Г. Дальский удивительно сыграл в «Идиоте» Рогожина.
– Трагик! – решили все. – Это уж не драма.
От Рогожина веяло Отелло.
Тогда он сыграл Отелло и…
От Отелло веяло Рогожиным.
Когда С. Ю. Витте был министром финансов, всем казалось:
– Вот бы был премьер-министр…
La plus belle fille du monde ne peut donner que ce qu'lle a.
И не надо спрашивать от человека больше того, на что он в состоянии.
При разрешении вопроса, чего мы можем ждать от графа Витте, – этого не нужно забывать.
И быть может, этого не забыло русское общество, когда граф Витте поставил вопрос о доверии и о совместной работе…
Что ж делать, что он министр финансов!
Бывают несчастия и крупнее!
А граф Витте – урождённый министр финансов.
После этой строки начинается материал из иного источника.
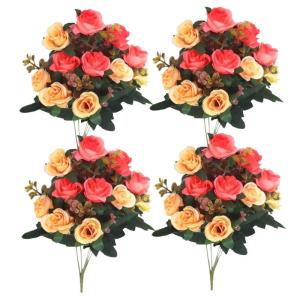 4 bundels begraafplaatsbloemen voor graf, sinaasappel, cemetery-bloemen voor graf, kunstrozen voor graven, 12 bloemkoppen, zijden gedenkbloemen voor graf, kunstbloemen 11,8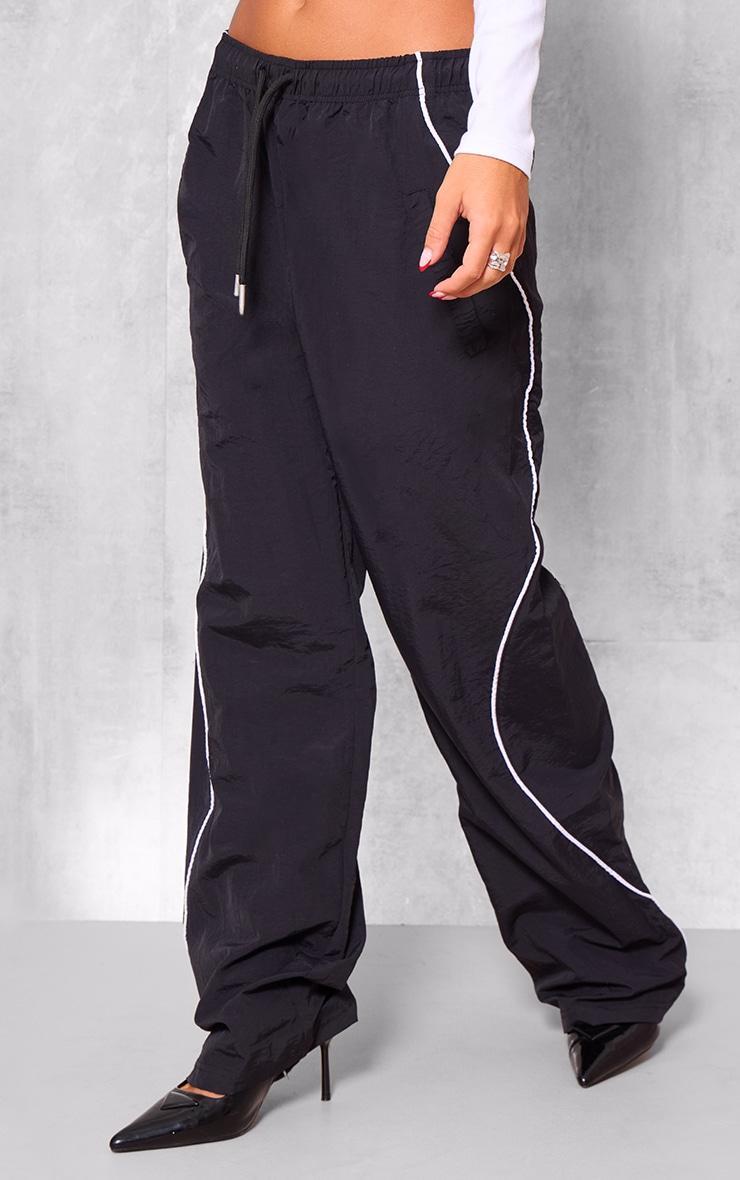 Black Shell Side Stripe Track Pants Product Image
Настоящие министры финансов, как поэты, – ими не делаются, – ими родятся.
Конечно, граф Витте никоим образом не принадлежит к тем, поистине, «не помнящим родства» деятелям, которые выскочат случаем Бог весть откуда, наделают кровавых пятен и исчезнут, очень мало думая о суде не только потомства, но и современников.
Граф Витте честолюбив.
Для него очень много значит общественное мнение Европы, всего света.
Но что такое для министра финансов общественное мнение? И что такое Европа?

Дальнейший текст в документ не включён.